The October Revolution, also known as the Bolshevik Revolution,


was the second phase of the Russian Revolution, the first having been
instigated by the events around the February Revolution. The Bolshevik
Revolution was the overthrow of the Russian government, which took place in
the fall of 1917. The Bolsheviks were an extremist faction within the Russian
Social Democratic Labor Party (later renamed the Russian Communist Party)
who seized control of the government and ushered in the Soviet age. The
Bolshevik Revolution is also known as the October Revolution because,
according to the old Russian calendar (in use until 1918), the government
overthrow happened on October 25.
2. Who is the leader of Bolshevik Revolution?
The October
Revolution or Bolshevik
Revolution,
was
led
by Bolshevik leader Vladimir Lenin.
Lenin returned from exile when
the tsarist (czarist) rule ended and by a coup against the social-democratic
government of Alexander Kerensky .
The Congress of Soviets, in 1917, was made up of representatives of
local soviets which, in turn, were supposedly elected primarily by workers and
peasants in the various local districts; in reality, the Bolsheviks secured the
delegates by the use of violence and intimidation. In the Congress of Soviets
which met at the beginning of November, 1917, the Bolshevik party had a
majority. This Congress then declared itself to be "the government": that is to
say, it claimed sovereignty and declared that sovereignty was no longer
possessed by the Kerensky government which was based upon the remnants
of the old Russian Duma and had been in power since the February
Revolution. The Soviet Congress then proceeded to enact the chief initial
measures of the new regime and to elect an executive - the Council of
Commissars.
Lenin was dictator of the Soviet state under a system of MarxismLeninism, involving iron control of the party and the people, until his death in
1924. After his death, a power struggle between Leon Trotsky and Joseph
Stalin ostracized Trotsky and brought Stalin to power. Stalin would eventually
have Trotsky assassinated; and his increasing paranoia was manifested in a
bloody series of purges from the mid 1930s onwards.

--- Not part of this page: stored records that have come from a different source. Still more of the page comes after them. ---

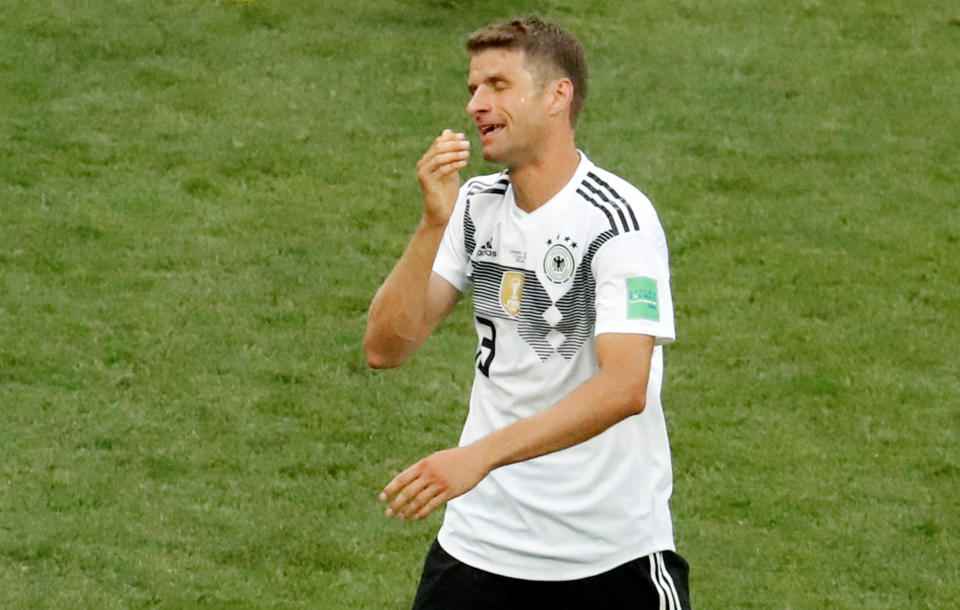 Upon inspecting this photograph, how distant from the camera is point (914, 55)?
652 inches

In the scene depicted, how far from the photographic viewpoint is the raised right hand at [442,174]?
5.57m

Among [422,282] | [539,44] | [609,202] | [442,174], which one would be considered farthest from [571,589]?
[539,44]

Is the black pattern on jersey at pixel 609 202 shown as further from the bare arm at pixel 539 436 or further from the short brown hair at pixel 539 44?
the bare arm at pixel 539 436

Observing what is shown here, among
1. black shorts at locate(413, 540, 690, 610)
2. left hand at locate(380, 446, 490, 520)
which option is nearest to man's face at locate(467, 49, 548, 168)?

3. What are the effects of Bolshevik Revolution?


The most immediate effect of the October Revolution was that the
Second Congress of Soviets stamped it with legitimacy by declaring it legal
and transfered the power of the Provisional Government to the Soviets. The
Bolsheviks and their allies the Socialist Revolutionaries enjoyed a clear
majority at the Second Congress. The Congress then formed a Council of
People's Commissars to administer the country in the interim, and passed the
Decree on Land and the Decree on Peace. The former legalized all prior land
seizures by the peasantry, while the latter declared that Russia would seek

peace and withdraw from the First World War. Also, all banks, private bank
accounts, factories and Church property were nationalized, foreign debts
were repudiated, and the 8 hour work day was established.
Perhaps the most significant result of the October Revolution was the
establishment of the Soviet Union and its Marxist-Leninist government, the
first such government anywhere in the world. Communism became one the
key defining elements of world affairs for the remainder of the 20th Century.